→ To do: Copy exactly the lines of the material below that fall between the line with "1st image of 26303 W Bravo Ln" and the line with "from 10-05-25, 09:02", both of those lines included; pictures stay out.
(Given entries)
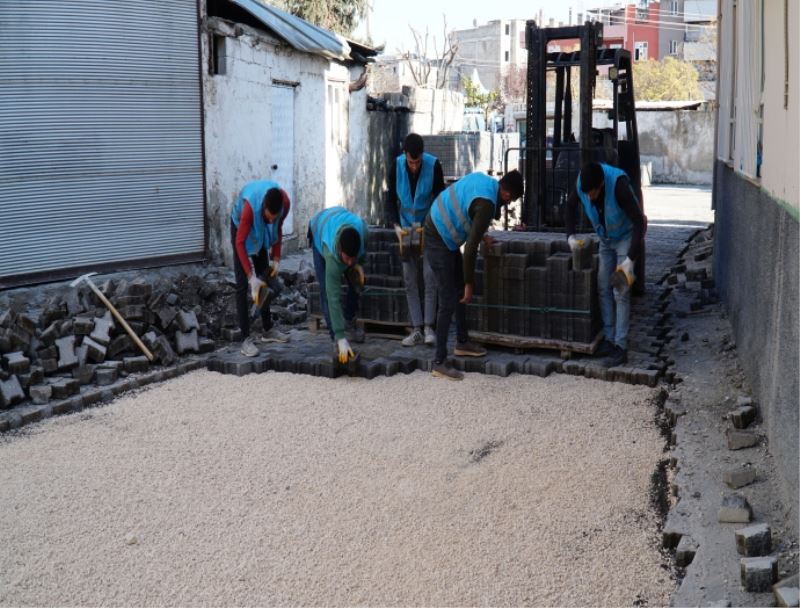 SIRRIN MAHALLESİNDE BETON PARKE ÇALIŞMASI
(End Given entries)
(Given entries)
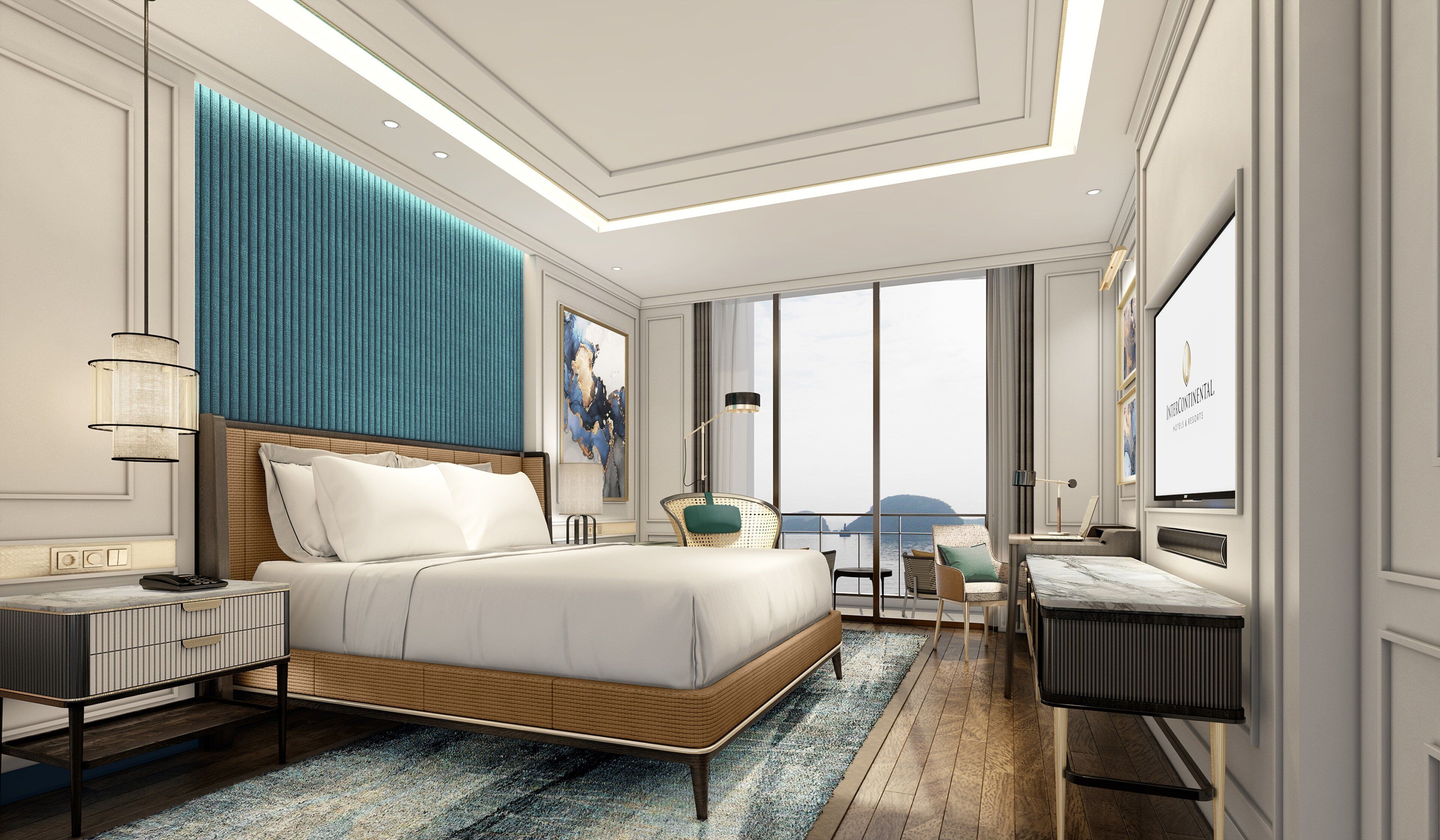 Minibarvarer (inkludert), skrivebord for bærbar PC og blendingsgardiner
(End Given entries)
(Given entries)
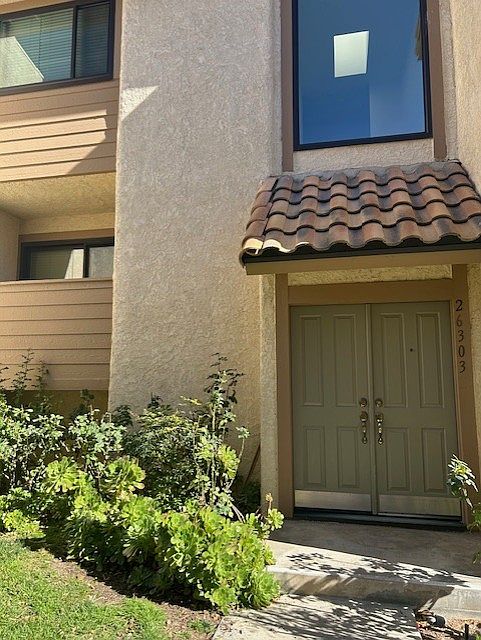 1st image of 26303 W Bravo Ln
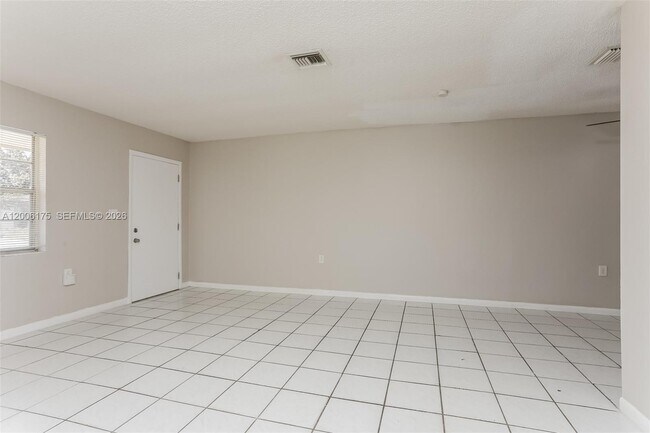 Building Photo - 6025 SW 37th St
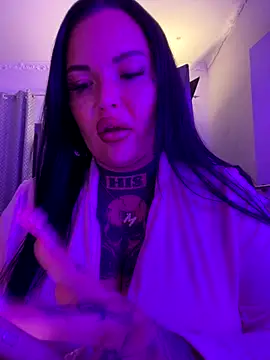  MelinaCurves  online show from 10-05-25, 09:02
(End Given entries)
→ Task answer:
 1st image of 26303 W Bravo Ln
 Building Photo - 6025 SW 37th St
  MelinaCurves  online show from 10-05-25, 09:02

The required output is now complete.